[Required work]
Exclude the pictures, then restate every entry below exactly.

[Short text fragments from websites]
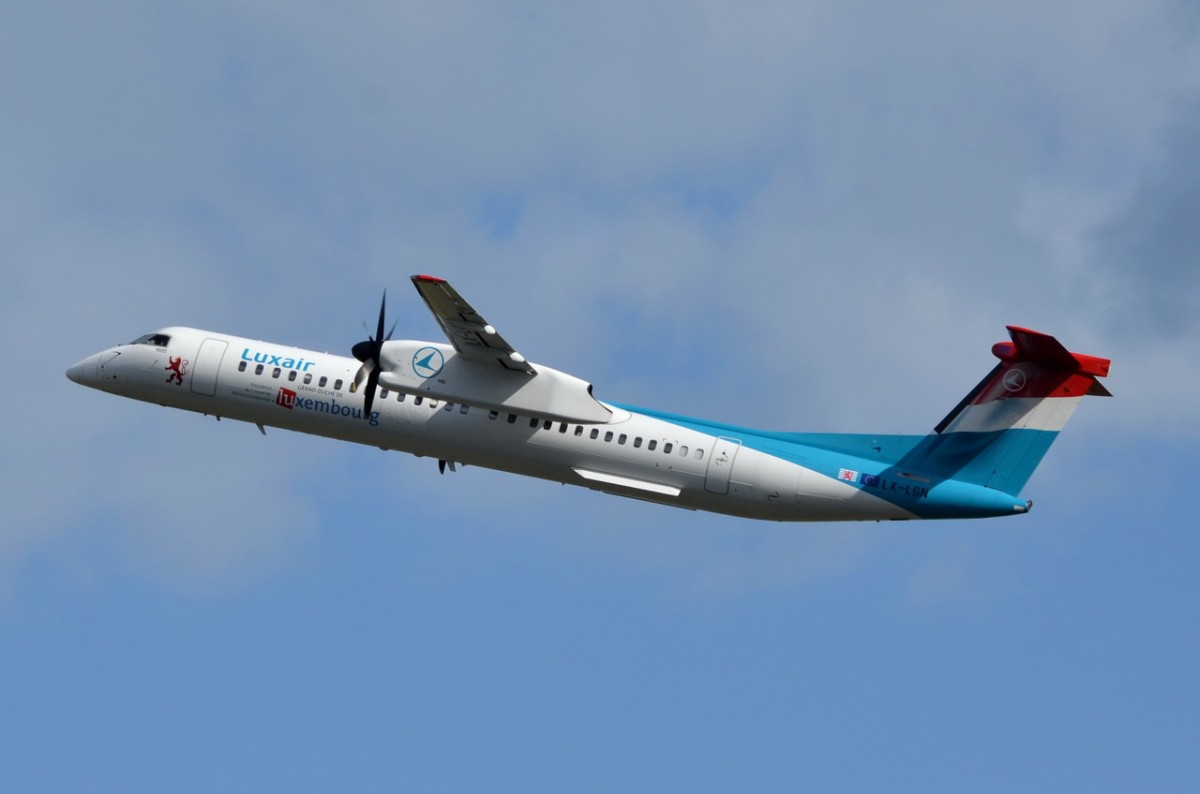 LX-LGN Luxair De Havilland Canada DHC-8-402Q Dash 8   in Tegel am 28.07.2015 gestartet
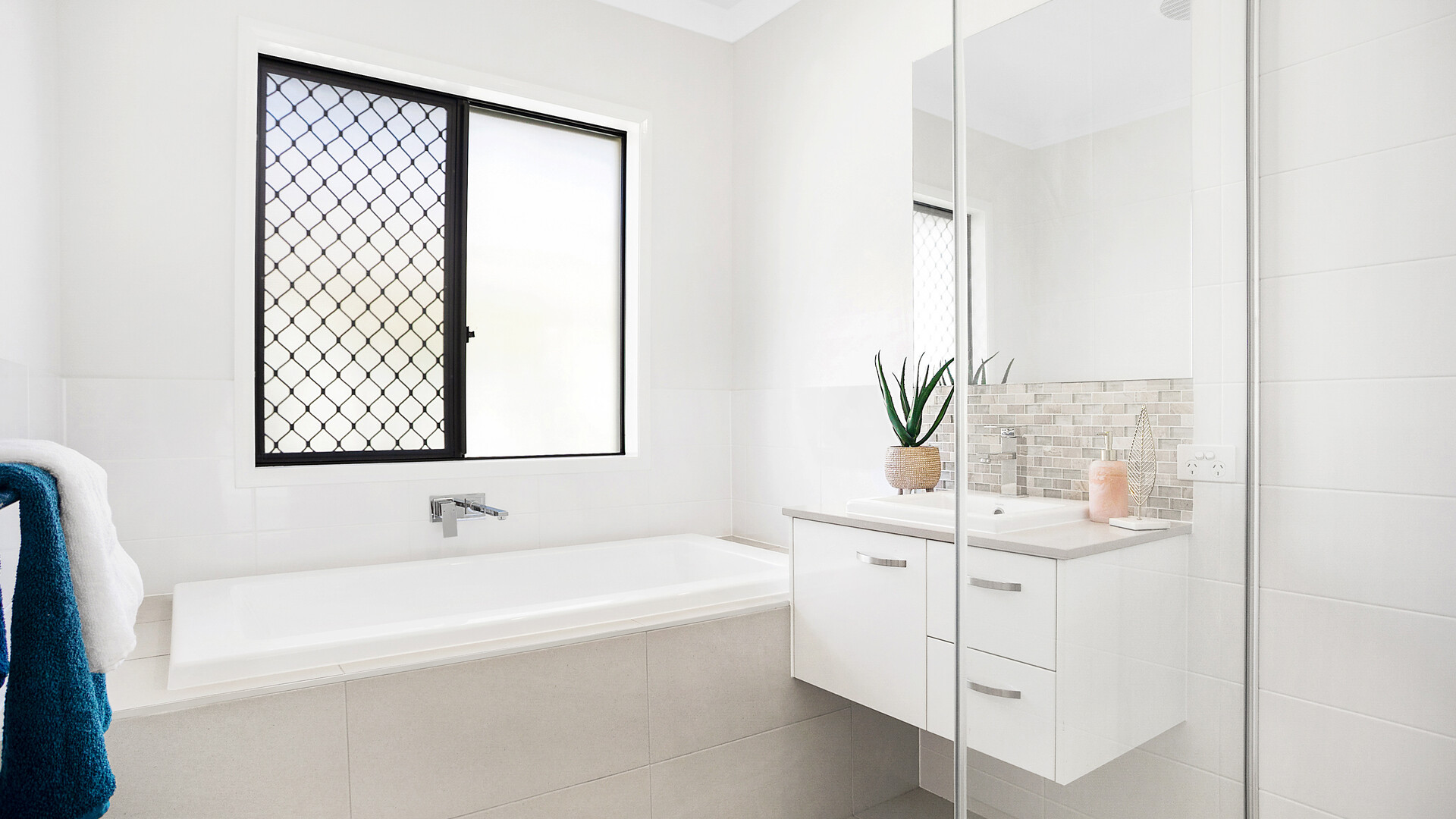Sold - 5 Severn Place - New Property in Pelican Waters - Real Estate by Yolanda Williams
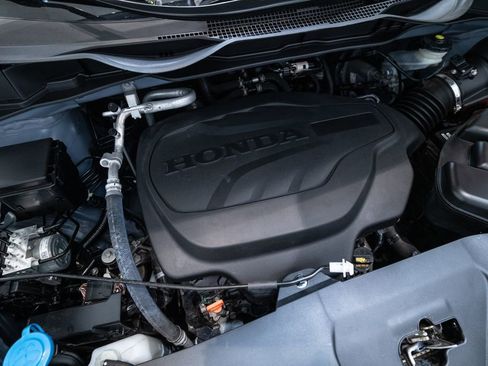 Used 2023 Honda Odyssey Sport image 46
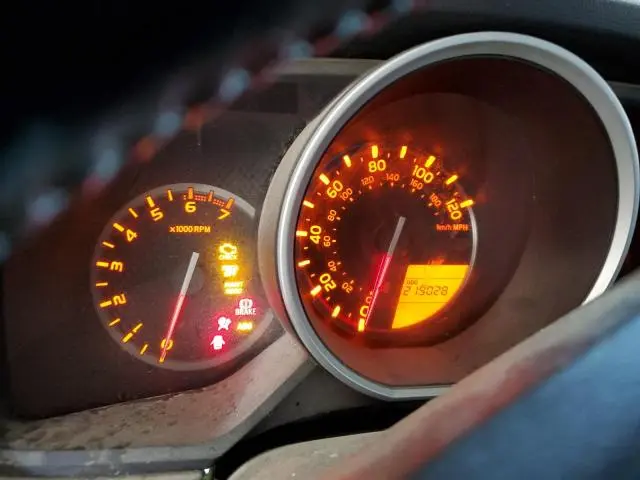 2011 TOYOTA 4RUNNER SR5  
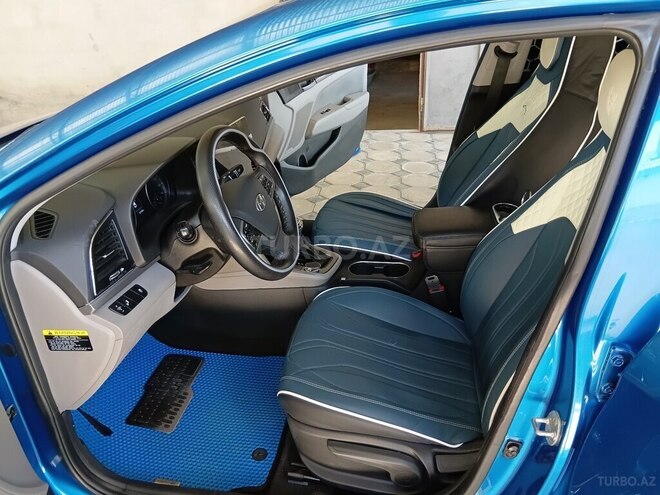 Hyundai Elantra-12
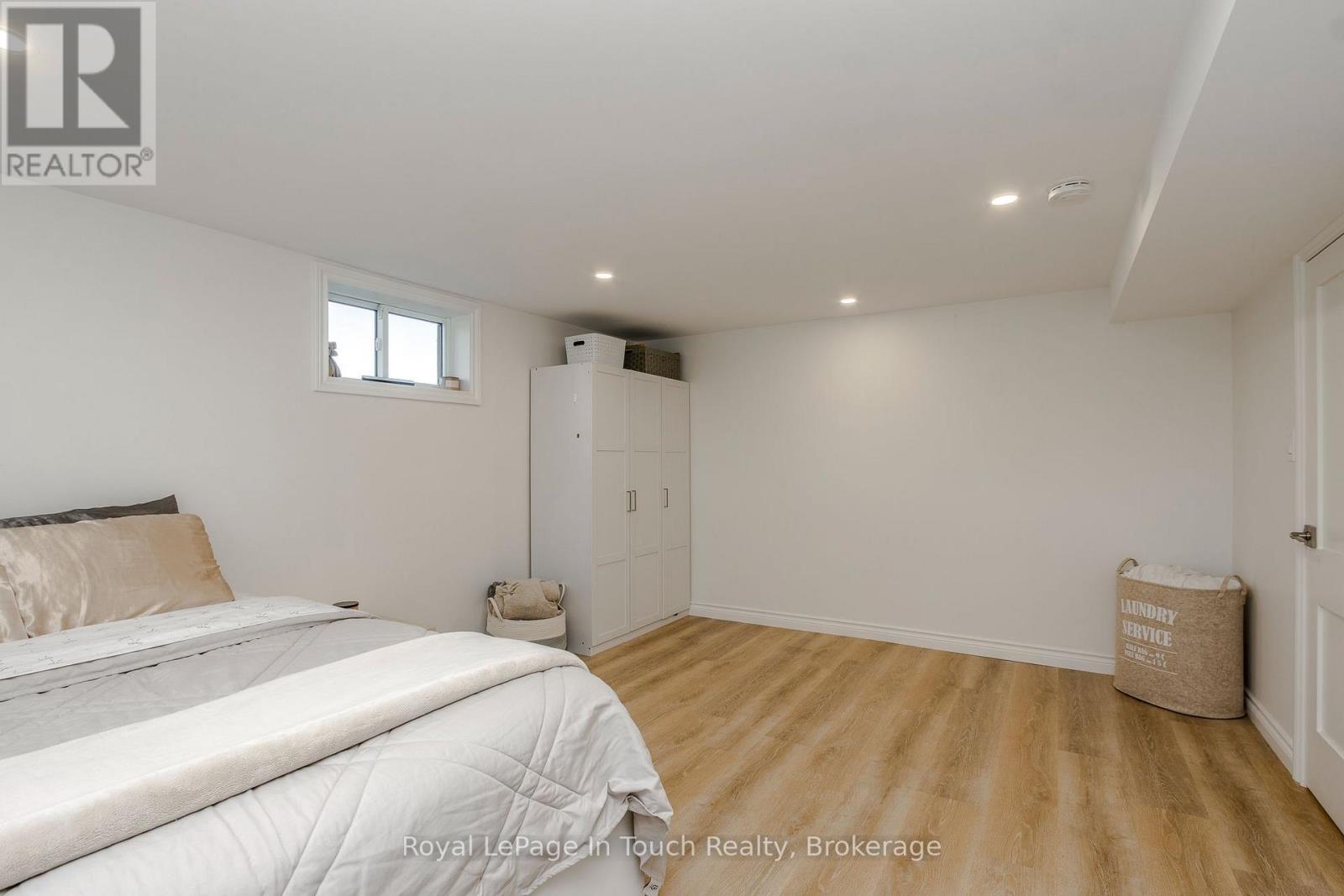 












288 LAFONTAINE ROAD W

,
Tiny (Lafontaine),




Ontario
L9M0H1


[Answer area]
 LX-LGN Luxair De Havilland Canada DHC-8-402Q Dash 8   in Tegel am 28.07.2015 gestartet
Sold - 5 Severn Place - New Property in Pelican Waters - Real Estate by Yolanda Williams
 Used 2023 Honda Odyssey Sport image 46
 2011 TOYOTA 4RUNNER SR5  
 Hyundai Elantra-12












288 LAFONTAINE ROAD W

,
Tiny (Lafontaine),




Ontario
L9M0H1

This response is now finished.